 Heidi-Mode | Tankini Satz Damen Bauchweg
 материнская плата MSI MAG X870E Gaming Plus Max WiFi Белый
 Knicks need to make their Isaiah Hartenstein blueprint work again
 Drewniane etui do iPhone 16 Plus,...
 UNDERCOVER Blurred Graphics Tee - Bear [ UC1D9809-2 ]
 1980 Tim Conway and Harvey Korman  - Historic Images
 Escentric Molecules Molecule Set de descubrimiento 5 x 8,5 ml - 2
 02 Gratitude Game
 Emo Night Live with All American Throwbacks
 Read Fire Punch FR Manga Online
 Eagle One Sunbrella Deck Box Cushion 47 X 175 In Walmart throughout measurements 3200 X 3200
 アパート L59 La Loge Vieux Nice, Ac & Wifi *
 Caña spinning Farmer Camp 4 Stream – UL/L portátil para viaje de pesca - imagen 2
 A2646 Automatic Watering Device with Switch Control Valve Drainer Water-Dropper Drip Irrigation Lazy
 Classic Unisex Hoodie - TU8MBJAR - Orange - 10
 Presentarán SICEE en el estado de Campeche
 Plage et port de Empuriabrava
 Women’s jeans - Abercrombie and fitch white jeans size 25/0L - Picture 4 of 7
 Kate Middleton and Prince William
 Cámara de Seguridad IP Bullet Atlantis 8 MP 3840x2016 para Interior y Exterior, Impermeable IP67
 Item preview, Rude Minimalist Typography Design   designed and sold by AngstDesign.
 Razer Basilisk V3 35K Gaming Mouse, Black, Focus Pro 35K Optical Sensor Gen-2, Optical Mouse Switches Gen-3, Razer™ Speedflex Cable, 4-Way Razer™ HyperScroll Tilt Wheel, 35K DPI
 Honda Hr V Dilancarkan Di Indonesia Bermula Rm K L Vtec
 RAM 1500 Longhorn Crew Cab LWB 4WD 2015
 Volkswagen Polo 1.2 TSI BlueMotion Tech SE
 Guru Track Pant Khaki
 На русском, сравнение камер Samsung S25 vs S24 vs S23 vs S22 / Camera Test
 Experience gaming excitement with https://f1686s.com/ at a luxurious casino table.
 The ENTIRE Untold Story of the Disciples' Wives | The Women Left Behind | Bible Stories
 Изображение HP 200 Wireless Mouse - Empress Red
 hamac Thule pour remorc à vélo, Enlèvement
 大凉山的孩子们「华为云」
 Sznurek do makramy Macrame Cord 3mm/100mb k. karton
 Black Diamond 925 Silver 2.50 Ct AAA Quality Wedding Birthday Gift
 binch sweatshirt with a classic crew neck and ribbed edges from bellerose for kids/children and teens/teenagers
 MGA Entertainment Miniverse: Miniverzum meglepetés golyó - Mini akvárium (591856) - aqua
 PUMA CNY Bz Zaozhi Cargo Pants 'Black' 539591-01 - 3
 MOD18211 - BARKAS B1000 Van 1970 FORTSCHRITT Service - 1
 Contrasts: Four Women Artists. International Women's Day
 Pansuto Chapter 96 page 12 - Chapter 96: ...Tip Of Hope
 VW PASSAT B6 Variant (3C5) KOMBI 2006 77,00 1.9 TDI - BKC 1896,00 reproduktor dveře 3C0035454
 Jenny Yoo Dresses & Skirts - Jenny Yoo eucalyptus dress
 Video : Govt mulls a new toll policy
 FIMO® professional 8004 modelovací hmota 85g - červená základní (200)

▸ **Task description**
When you reach the line with "Volkswagen Polo 1.2 TSI BlueMotion Tech SE" in the records above, start writing out lines exactly, and stop once the line with "Sznurek do makramy" has been written; include nothing else.

▸ **Response**
 Volkswagen Polo 1.2 TSI BlueMotion Tech SE
 Guru Track Pant Khaki
 На русском, сравнение камер Samsung S25 vs S24 vs S23 vs S22 / Camera Test
 Experience gaming excitement with https://f1686s.com/ at a luxurious casino table.
 The ENTIRE Untold Story of the Disciples' Wives | The Women Left Behind | Bible Stories
 Изображение HP 200 Wireless Mouse - Empress Red
 hamac Thule pour remorc à vélo, Enlèvement
 大凉山的孩子们「华为云」
 Sznurek do makramy Macrame Cord 3mm/100mb k. karton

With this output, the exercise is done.